To Tip or Not to Tip: Etiquette and the Service Sector

Technology and industry changes have altered service sector etiquette, including tipping practices

To Tip or Not to Tip: Etiquette and the Service Sector in the Gig Economy
Image: Pixabay
September 4, 2018

Tipping is one of the things that's a no-brainer for some people and a source of instant anxiety for others. It's getting especially complicated now that a lot of businesses include a tip line on the receipt or you are presented with a tip option on the display at the register, all which the clerk is watching you. When is it right to tip and when should you just take your stuff and go?

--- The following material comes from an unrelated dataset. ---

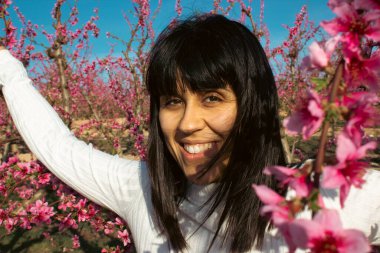 Baharda çiçek açan şeftali ağaçlarının arasında gülümseyen bir kadın.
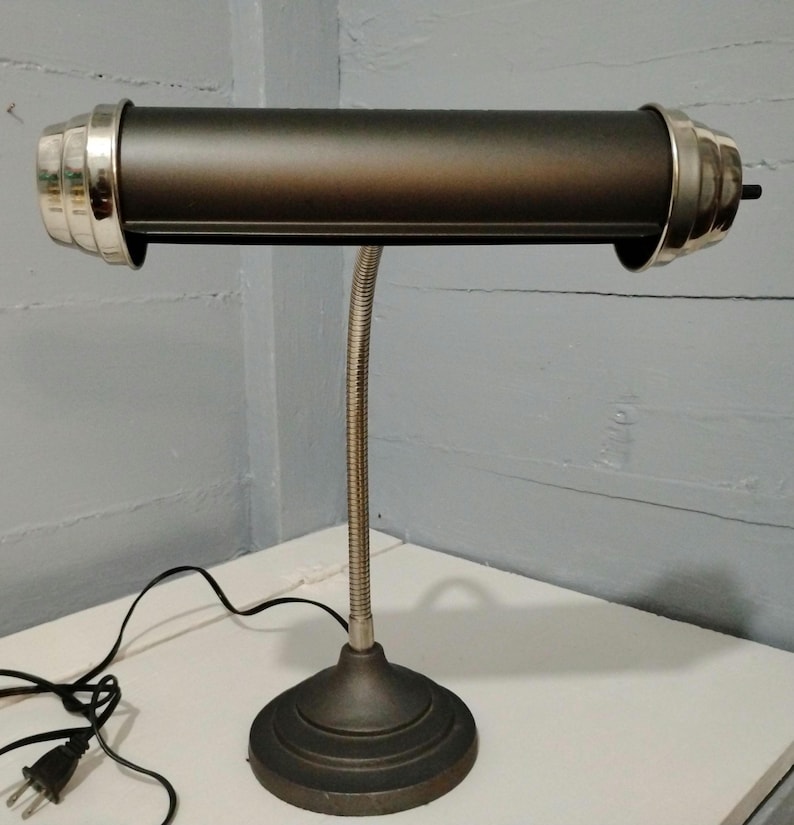 May include: A vintage-style desk lamp with a dark bronze finish. The lamp features a cylindrical shade with silver-colored accents on each end, a flexible gooseneck arm, and a round base. The lamp is plugged into a wall outlet.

Tipping is an American Tradition

It has long been customary in the United States to tip. But now that more places are giving you the option to tip, you might feel compelled to do so. But it's not necessarily the same if you are traveling. Some countries do not practice tipping, and tipping in other countries may even be viewed as offensive. When you are going to be traveling, do your homework.

Tipping is Sometimes Confusing

Let's face it. Even if you are a regular tipper and consider yourself knowledgeable about tipping, you probably don't know exactly how much you should tip, when you should leave it, or whether you should even leave anything at all. Of course, answers to these questions typically depends upon where you are, as well as a number of other variables. For instance, you typically don't think twice about tipping a waiter in a restaurant. But you probably ignore the tip jar on the counter.

Sit Down Restaurants

Tipping a waiter or waitress is easy. If you are sitting down at a restaurant and being served, you should tip. Waitstaff depend upon tips in order to survive, making significantly less than minimum-wage as an hourly rate. So unless the whole experience is a total disaster, you should be tipping at least 10%. Consider tipping 20% if your service was outstanding.

buffet restaurants

Whether to tip at a buffet restaurant gets a little trickier. If servers are not bringing food but still refilling your beverages and clearing your plates, you should tip. You don't need to tip as much as at a full-service restaurant. You can do a strict percentage of up to 10%, or a dollar per person at your table.

Restaurant Carry Out

If you are getting carry out from a restaurant, you might consider tipping up to 10% when picking up. Obviously, picking up from a high end restaurant is different then picking up a pizza from the local pizza joint. So tip when appropriate.

Delivery Services

Delivery services should typically be tipped. While newer services, like grocery delivery, can present a little bit of a challenge, 10% or a few bucks should be OK. But keep in mind that not all delivery services allow the delivery person to collect a tip.

Pizza Delivery

Pizza delivery is something we should all be familiar with. Regardless of the order size, you should tip at least $2 - $4. While many pizza joints assess a delivery charge that is not a tip to the driver, the driver still gets it. But that's usually not enough to cover the low hourly wage, the wear and tear on the car, and the gas. If you have an especially large order, you should tip a little extra. You should definitely tip extra if the driver pushed through piles of snow to get dinner to you.

Valet Parking

It's customary to tip a car valet when a car is returned to you. The customary tip is between two dollars and five dollars.

Hair and salon services

It's also customary to tip a hairstylist or your barber. Consider tipping between 15% and 20% of the service. This also applies to manicures, pedicures, massages and the like.

The maid at the hotel

Tipping the maid at a hotel is something many of us don't do, but appears to be expected. If you do decide to tip the maid of your hotel, leave a few dollars every day because it's not always the same person making up your room. If you stay five days and tip only on day five, you might be ignoring the person who cleaned on days one and two.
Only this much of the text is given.